Some things just make sense and some don’t. The key to a successful business it seems is to make sure you can create something that’s needed and cost-effective and located in the most opportune location possible.
International Paper originally located in Adams County because of one key — the area was overflowing with wood, IP’s key raw material.
For decades Natchez’s IP made a product that was profitable for the company. When doing so no longer made sense for the company the mill was shuttered.
Other industries also make sense — lots of farms exist in the area, for example, because of the flat fertile soil. Their products are needed, too.

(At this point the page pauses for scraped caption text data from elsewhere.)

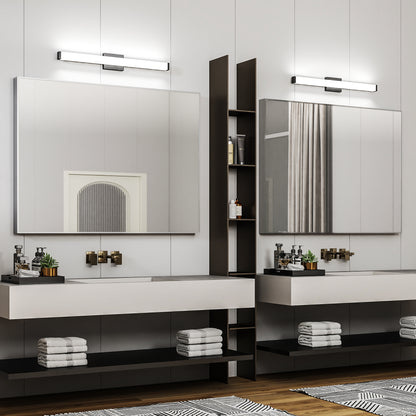 33" Black LED Bathroom Vanity Light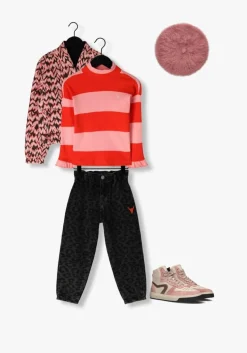 roze hip hoge sneakers h1301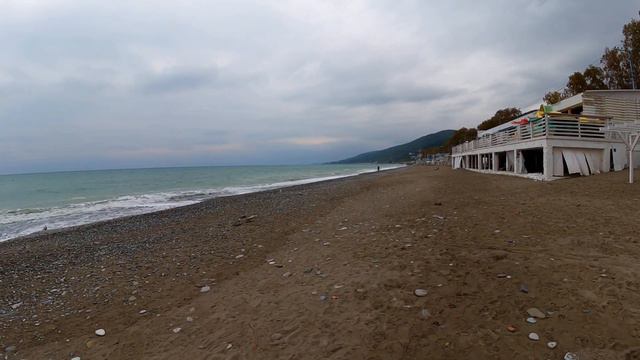 Пляж "Дельфин" 19.10.2021. А никого нет! 🌴ЛАЗАРЕВСКОЕ и Я смотреть онлайн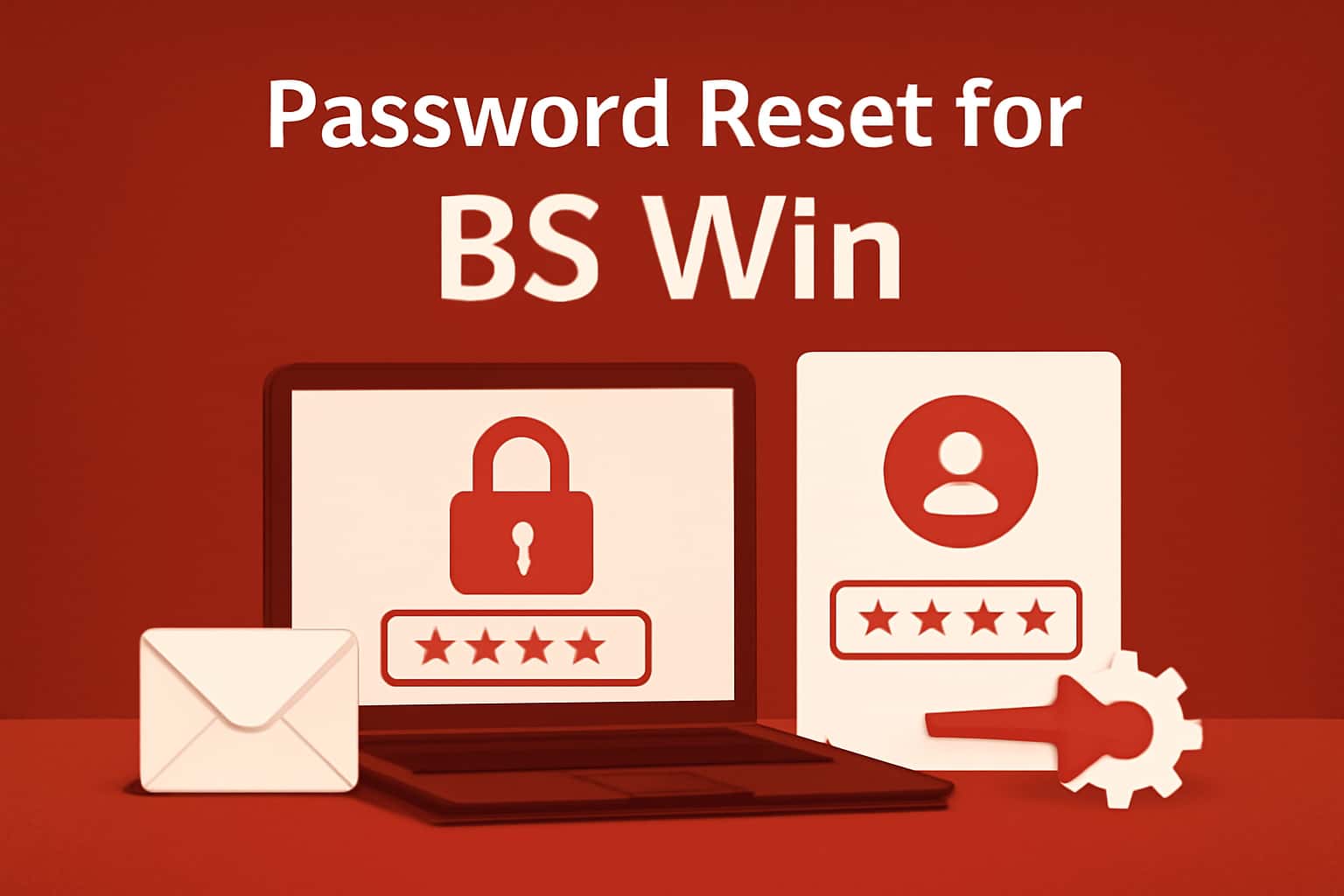 An informative scene depicting the concept of password reset for BS Win.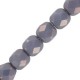 Czech Fire polished faceted glass beads 4mm Chalk white lila copper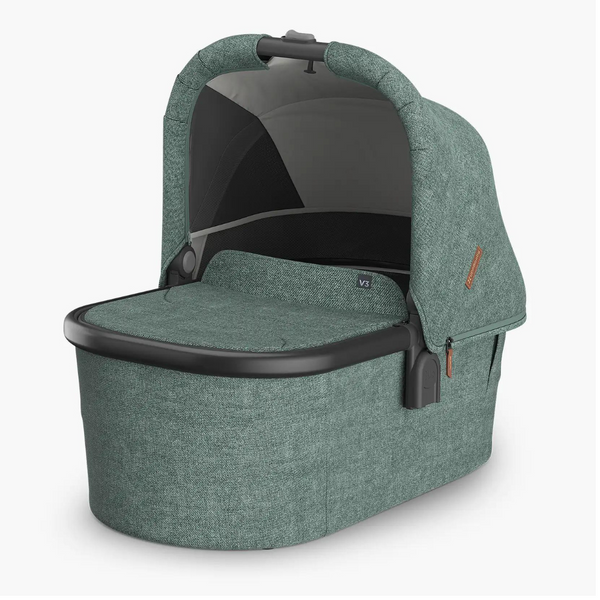 Uppababy Bassinet V3 - Gwen Green Melange/Carbon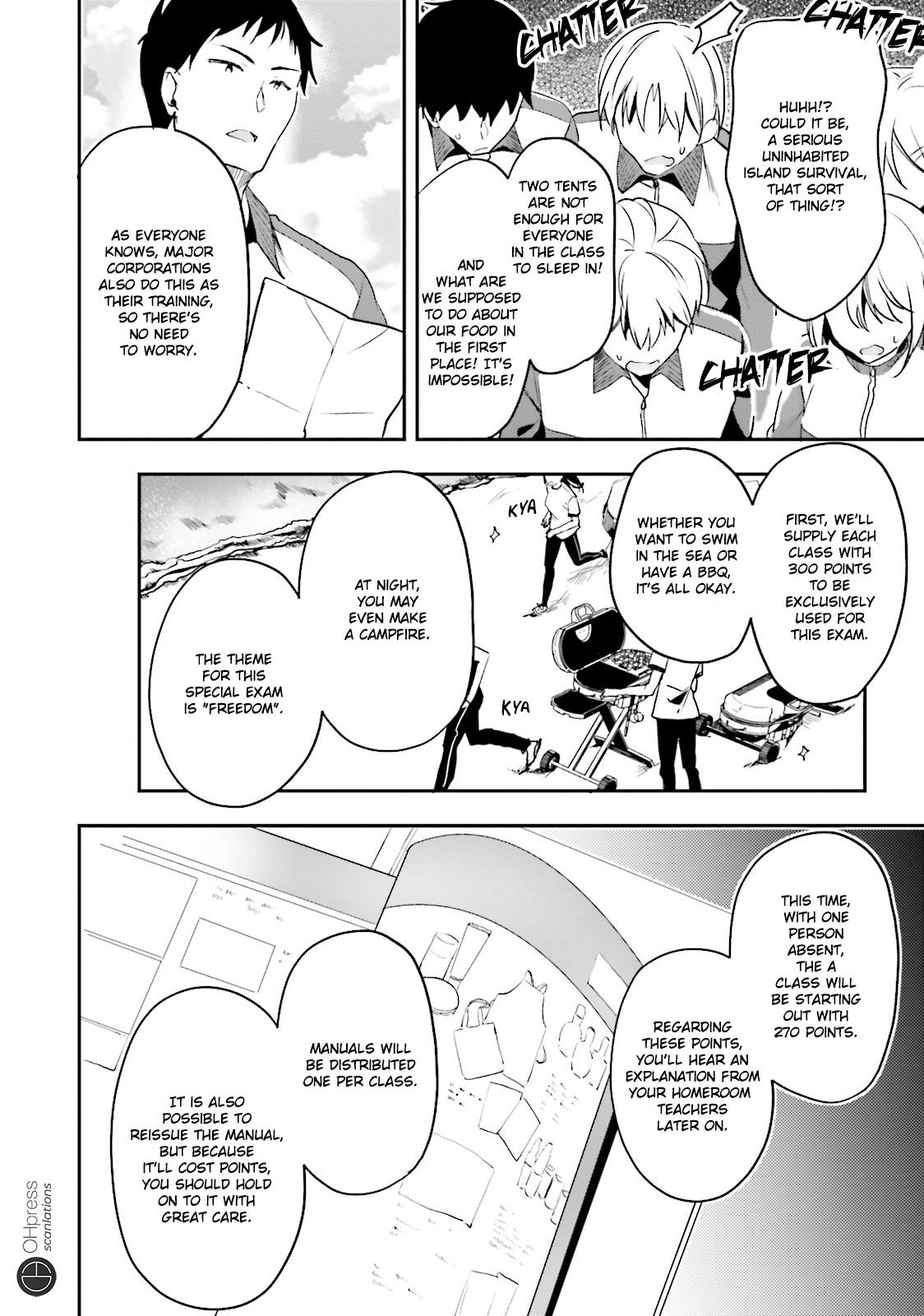 Read Classroom of the Elite Manga Online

Again, it just all makes sense.
Other industries just don’t make sense.
Several years ago when Rentech came knocking and eventually settled in as owners of the former International Paper site, something about their plans just never made sense.
Rentech’s original plans included taking German, World War II technology and turning coal into a fuel that could power engines on trucks, cars and airplanes.

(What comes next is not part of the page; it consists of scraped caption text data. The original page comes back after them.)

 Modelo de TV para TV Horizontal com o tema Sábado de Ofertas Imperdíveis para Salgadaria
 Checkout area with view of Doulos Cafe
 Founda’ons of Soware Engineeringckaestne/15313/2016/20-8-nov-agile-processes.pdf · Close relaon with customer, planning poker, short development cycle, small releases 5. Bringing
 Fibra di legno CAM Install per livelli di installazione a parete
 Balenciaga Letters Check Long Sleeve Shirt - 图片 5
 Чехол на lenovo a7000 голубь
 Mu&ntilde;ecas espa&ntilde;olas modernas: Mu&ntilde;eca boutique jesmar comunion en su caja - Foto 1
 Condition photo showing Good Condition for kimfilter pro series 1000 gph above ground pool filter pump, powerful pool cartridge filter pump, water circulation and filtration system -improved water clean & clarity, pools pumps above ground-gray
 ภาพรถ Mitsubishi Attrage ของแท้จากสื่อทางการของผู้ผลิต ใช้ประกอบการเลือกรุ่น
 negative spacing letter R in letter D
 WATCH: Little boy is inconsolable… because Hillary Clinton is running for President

The technology apparently worked, but the math didn’t as the company struggled to develop enough investment interest to allow their plans to actually take hold and a plant be constructed in Natchez.

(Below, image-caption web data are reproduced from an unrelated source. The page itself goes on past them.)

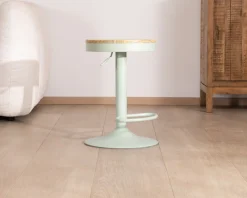 Clearance Lot de 2 tabourets réglables avec assise bois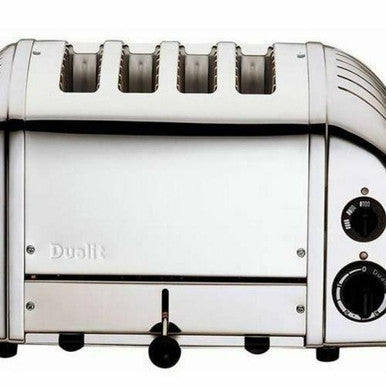 DUALIT TOASTER 4 SLICE 40378 POLISHED STAINLESS STEEL WITH 5 YEAR WTY HEIDELBERG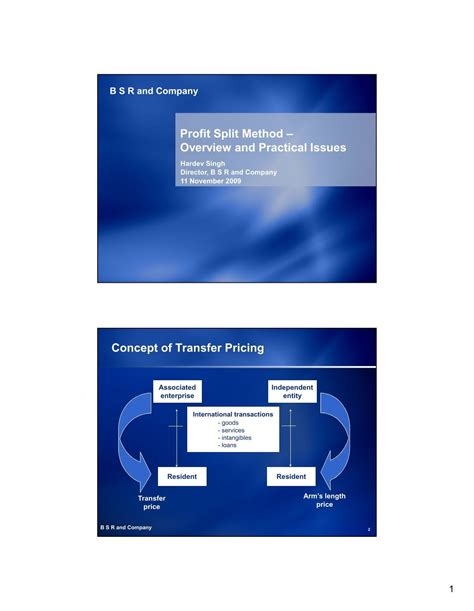 Read Online Profit Split Method Overview And Practical Issues 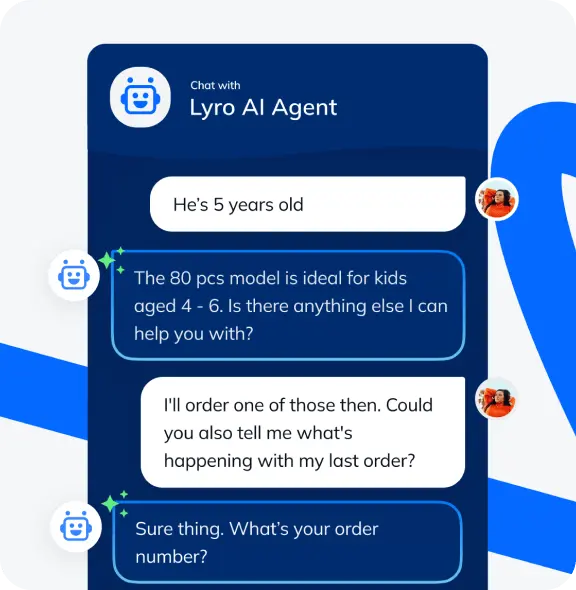 AI chatbot interface example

All Natchez received was promise after promise. Eventually Rentech scrapped its plans publicly.
But the deal just never seemed to make sense to me. While Rentech’s technology seemed to work, the profitability seemed questionable since it was a complicated way to produce something that was already produced another way — refining petroleum products.
But the most baffling thing about Rentech wasn’t the technology, it was the answer to the question: Why would this need to be located in Natchez?
No one could ever answer that question. Without a nearby source for coal, Rentech’s plans seems suspicious from the get-go.
Recently another would-be game changer for our area’s economy announced an uncertain future.
A week ago, alternative-fuel manufacturer KiOR announced it would idle its Columbus plant. Since KiOR’s plans for a plant in Natchez hinged on the success of the Columbus plant, the future of KiOR Natchez looks dim.
KiOR had the opposite problem of Rentech. The location fit, but apparently the technology didn’t.
In simplified layman’s terms, KiOR’s plans were to take wood chips and turn them into oil that could then be refined into fuel.
Both KiOR and Rentech had issues. One had an illogical location and the other has questionable technology.
That’s not to say one or both of the companies may not eventually become successful, but for that to occur, both the timing and the logic must come together simultaneously.
With that that perfect balance of proven technology and logical location, the business plans will go up in smoke — just like Rentech did and how KiOR might.
Let’s hope KiOR can get its act together for the sake of the jobs it could bring to the county. But I wouldn’t hold my breath.